Safety of adjuvant lenvatinib
Among the 42 patients using lenvatinib, 27 patients discontinued. The median duration of adjuvant lenvatinib treatment was 13.0 months, with a range of 3.1 to 26.7 months. Treatment-related AEs (TRAE) are summarized in Table 3. Any-grade TRAEs occurred in most patients (40/42, 95.2%), and grade ≥3 TRAEs occurred in approximately one third of patients (13/42, 31.0%). The most common TRAEs were hypertension (n=18, 42.9%), diarrhea (n=15, 35.7%), decreased appetite (n=10, 23.8%), and fatigue (n=10, 23.8%). Grade ≥3 TRAEs were hypertension (n=6, 14.3%), diarrhea (n=4, 9.5%), proteinuria (n=2, 4.8%), decreased appetite (n=1, 2.4%), and dysphonia (n=1, 2.4%). There were 3 patients (7.1%) who discontinued levantinib due to unbearable TRAEs and there were other patients who could tolerate the TRAEs after dose reduction (n=7, 16.6%), transient discontinuation (n=5, 11.9%), or symptomatic treatment (n=25, 59.5%). No treatment-related deaths were reported.
Table 3
Event | Lenvatinib (n=42) | |
---|---|---|
Any grade | Grade ≥3 | |
Any | 40 [95] | 13 [31] |
Hypertension | 18 [43] | 6 [14] |
Diarrhea | 15 [36] | 4 [10] |
Decreased appetite | 10 [24] | 1 [2] |
Fatigue | 10 [24] | 0 |
Proteinuria | 7 [17] | 2 [5] |
Palmar-plantar erythrodysesthesia | 7 [17] | 0 |
Decreased weight | 6 [14] | 0 |
Mucositis | 6 [14] | 0 |
Nausea | 5 [12] | 0 |
Dysphonia | 4 [10] | 1 [2] |
Decreased platelet count | 4 [10] | 0 |
Rash | 3 [7] | 0 |
Bleed | 3 [7] | 0 |
Data are reported as n [%].
We also investigated whether adjuvant lenvatinib increased the postoperative complications of LTx. The incidence rates of infection, rejection, and bile duct stenosis in the lenvatinib group were comparable with those in the control group (4.8% vs. 4.0%, 4.8% vs. 2.0%, and 2.4% vs. 10.0%, respectively; all P>0.05).
Discussion
To our knowledge, this is the first large sample study of the use of lenvatinib as adjuvant treatment following LTx in patients with HCC. For all patients who underwent LTx with HCC, there were no significant differences in postoperative OS and TTR between patients who received adjuvant lenvatinib and those who did not. However, this observation was confounded because most patients in the lenvatinib group had tumors beyond the Milan criteria. Thus, further analysis focused on the patients with HCC beyond the Milan criteria, in which baseline characteristics were similar between the lenvatinib group and the control group. Interestingly, adjuvant lenvatinib significantly prolonged TTR and reduced the risk of tumor recurrence compared with the control group. The subsequent PSM analysis also validated the decreased recurrence rate in the lenvatinib group. The greatest benefits in reduction of tumor recurrence with adjuvant lenvatinib were seen in patients with tumor size >5 cm, multiple tumors, tumor differentiation grades III–IV, mVI, and postoperative AFP >20 ng/mL or PIVKA-II >40 mAU/mL. However, no significant difference in OS was observed between the groups, which might be due to the short follow-up time and relatively small sample size. Furthermore, the reserved liver function after LTx increased the probabilities of undergoing secondary resection and other locoregional therapy after recurrence. Notably, after further balancing the baselines via PSM, there emerged a trend toward better OS for the lenvatinib group.

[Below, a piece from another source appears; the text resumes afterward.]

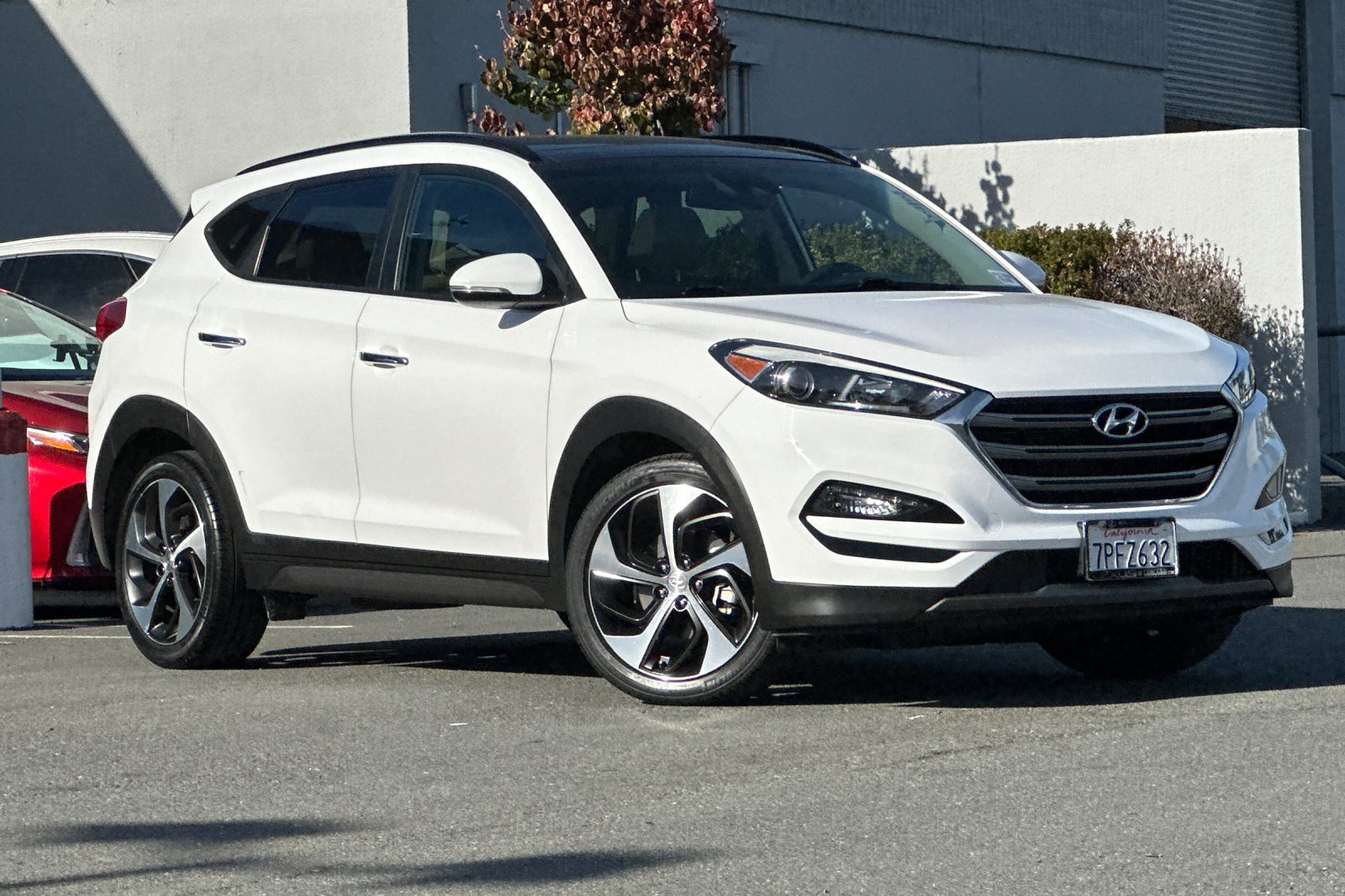 Used 2016 Hyundai Tucson Limited w/ Option Group 03 FWD image 2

It is well accepted that minimal residual disease is a major cause of metastasis and recurrence after LTx for HCC patients (19-22). We found that postoperative lenvatinib treatment significantly decreased the incidence of recurrence after LTx (sHR, 0.40; 95% CI: 0.17 to 0.93; P=0.031), which typically results from pre-operative occult micrometastases (23,24). The antitumor activity of lenvatinib has been associated with anti-angiogenesis and inhibition of tumor cell proliferation (25,26). Therefore, postoperative lenvatinib administration in patients with HCC may delay the appearance of new recurrent lesions via inhibition of tumor neovascularization and the proliferation of minimal residual disease.
Our data showed that lenvatinib was well tolerated in patients who underwent LTx, with a safety profile consistent with that previously reported in patients with advanced HCC in the REFLECT study (11). In the present study, patients had a similar rate of any grade TRAEs compared with those in the REFLECT study (95.2% vs. 93.9%), but a lower rate of grade ≥3 TRAEs (31.0% vs. 56.7%), which might be related to the improvement of liver function after LTx. In addition, it was shown that adjuvant lenvatinib did not increase the risk of complications after LTx.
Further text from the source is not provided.